=== Begin Enclosure ===

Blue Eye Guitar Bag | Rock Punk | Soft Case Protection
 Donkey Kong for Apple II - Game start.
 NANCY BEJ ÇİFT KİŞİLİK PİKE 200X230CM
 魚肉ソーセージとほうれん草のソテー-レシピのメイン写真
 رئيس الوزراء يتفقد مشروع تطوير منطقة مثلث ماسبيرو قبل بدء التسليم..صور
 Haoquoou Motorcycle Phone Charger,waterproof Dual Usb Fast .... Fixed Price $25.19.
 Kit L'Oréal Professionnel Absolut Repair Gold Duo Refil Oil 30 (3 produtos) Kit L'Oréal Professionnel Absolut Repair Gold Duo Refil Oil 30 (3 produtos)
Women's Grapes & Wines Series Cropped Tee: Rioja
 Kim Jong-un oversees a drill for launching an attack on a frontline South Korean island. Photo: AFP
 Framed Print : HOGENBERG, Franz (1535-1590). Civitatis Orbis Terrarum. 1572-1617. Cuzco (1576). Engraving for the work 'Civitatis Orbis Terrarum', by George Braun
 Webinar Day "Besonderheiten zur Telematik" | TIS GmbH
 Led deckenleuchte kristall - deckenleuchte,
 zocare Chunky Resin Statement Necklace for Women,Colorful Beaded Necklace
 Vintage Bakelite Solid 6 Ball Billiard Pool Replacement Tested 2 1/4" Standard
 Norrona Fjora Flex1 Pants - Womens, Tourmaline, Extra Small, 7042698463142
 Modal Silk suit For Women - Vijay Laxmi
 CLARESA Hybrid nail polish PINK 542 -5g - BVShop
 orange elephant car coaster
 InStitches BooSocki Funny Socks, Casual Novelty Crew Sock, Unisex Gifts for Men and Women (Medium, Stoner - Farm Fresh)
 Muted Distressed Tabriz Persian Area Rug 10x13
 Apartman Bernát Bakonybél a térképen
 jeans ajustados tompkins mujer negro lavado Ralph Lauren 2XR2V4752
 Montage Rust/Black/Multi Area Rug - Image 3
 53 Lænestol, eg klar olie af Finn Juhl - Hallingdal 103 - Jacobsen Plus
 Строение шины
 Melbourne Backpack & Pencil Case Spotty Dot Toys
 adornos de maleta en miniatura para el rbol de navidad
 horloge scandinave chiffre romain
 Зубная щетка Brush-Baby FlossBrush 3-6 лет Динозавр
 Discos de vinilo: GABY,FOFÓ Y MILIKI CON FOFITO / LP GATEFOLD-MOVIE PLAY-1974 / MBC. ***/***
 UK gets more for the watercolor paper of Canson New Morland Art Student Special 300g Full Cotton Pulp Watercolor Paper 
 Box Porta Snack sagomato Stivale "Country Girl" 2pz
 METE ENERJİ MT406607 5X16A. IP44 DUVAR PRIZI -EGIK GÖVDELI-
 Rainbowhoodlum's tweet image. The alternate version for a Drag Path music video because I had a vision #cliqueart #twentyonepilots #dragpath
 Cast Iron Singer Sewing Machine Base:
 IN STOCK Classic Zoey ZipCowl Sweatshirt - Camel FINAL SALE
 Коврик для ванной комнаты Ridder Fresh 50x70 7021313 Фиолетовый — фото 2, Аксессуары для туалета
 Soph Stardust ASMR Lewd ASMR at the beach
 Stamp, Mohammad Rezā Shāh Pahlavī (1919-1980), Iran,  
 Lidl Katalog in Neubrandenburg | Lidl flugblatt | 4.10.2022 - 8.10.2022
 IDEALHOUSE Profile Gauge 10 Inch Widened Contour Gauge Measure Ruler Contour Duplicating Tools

=== End Enclosure ===

» **WHAT IS NEEDED**
Every record shown above should be set down again exactly.

» **RESULT FOR THIS EXERCISE**
Blue Eye Guitar Bag | Rock Punk | Soft Case Protection
 Donkey Kong for Apple II - Game start.
 NANCY BEJ ÇİFT KİŞİLİK PİKE 200X230CM
 魚肉ソーセージとほうれん草のソテー-レシピのメイン写真
 رئيس الوزراء يتفقد مشروع تطوير منطقة مثلث ماسبيرو قبل بدء التسليم..صور
 Haoquoou Motorcycle Phone Charger,waterproof Dual Usb Fast .... Fixed Price $25.19.
 Kit L'Oréal Professionnel Absolut Repair Gold Duo Refil Oil 30 (3 produtos) Kit L'Oréal Professionnel Absolut Repair Gold Duo Refil Oil 30 (3 produtos)
Women's Grapes & Wines Series Cropped Tee: Rioja
 Kim Jong-un oversees a drill for launching an attack on a frontline South Korean island. Photo: AFP
 Framed Print : HOGENBERG, Franz (1535-1590). Civitatis Orbis Terrarum. 1572-1617. Cuzco (1576). Engraving for the work 'Civitatis Orbis Terrarum', by George Braun
 Webinar Day "Besonderheiten zur Telematik" | TIS GmbH
 Led deckenleuchte kristall - deckenleuchte,
 zocare Chunky Resin Statement Necklace for Women,Colorful Beaded Necklace
 Vintage Bakelite Solid 6 Ball Billiard Pool Replacement Tested 2 1/4" Standard
 Norrona Fjora Flex1 Pants - Womens, Tourmaline, Extra Small, 7042698463142
 Modal Silk suit For Women - Vijay Laxmi
 CLARESA Hybrid nail polish PINK 542 -5g - BVShop
 orange elephant car coaster
 InStitches BooSocki Funny Socks, Casual Novelty Crew Sock, Unisex Gifts for Men and Women (Medium, Stoner - Farm Fresh)
 Muted Distressed Tabriz Persian Area Rug 10x13
 Apartman Bernát Bakonybél a térképen
 jeans ajustados tompkins mujer negro lavado Ralph Lauren 2XR2V4752
 Montage Rust/Black/Multi Area Rug - Image 3
 53 Lænestol, eg klar olie af Finn Juhl - Hallingdal 103 - Jacobsen Plus
 Строение шины
 Melbourne Backpack & Pencil Case Spotty Dot Toys
 adornos de maleta en miniatura para el rbol de navidad
 horloge scandinave chiffre romain
 Зубная щетка Brush-Baby FlossBrush 3-6 лет Динозавр
 Discos de vinilo: GABY,FOFÓ Y MILIKI CON FOFITO / LP GATEFOLD-MOVIE PLAY-1974 / MBC. ***/***
 UK gets more for the watercolor paper of Canson New Morland Art Student Special 300g Full Cotton Pulp Watercolor Paper 
 Box Porta Snack sagomato Stivale "Country Girl" 2pz
 METE ENERJİ MT406607 5X16A. IP44 DUVAR PRIZI -EGIK GÖVDELI-
 Rainbowhoodlum's tweet image. The alternate version for a Drag Path music video because I had a vision #cliqueart #twentyonepilots #dragpath
 Cast Iron Singer Sewing Machine Base:
 IN STOCK Classic Zoey ZipCowl Sweatshirt - Camel FINAL SALE
 Коврик для ванной комнаты Ridder Fresh 50x70 7021313 Фиолетовый — фото 2, Аксессуары для туалета
 Soph Stardust ASMR Lewd ASMR at the beach
 Stamp, Mohammad Rezā Shāh Pahlavī (1919-1980), Iran,  
 Lidl Katalog in Neubrandenburg | Lidl flugblatt | 4.10.2022 - 8.10.2022
 IDEALHOUSE Profile Gauge 10 Inch Widened Contour Gauge Measure Ruler Contour Duplicating Tools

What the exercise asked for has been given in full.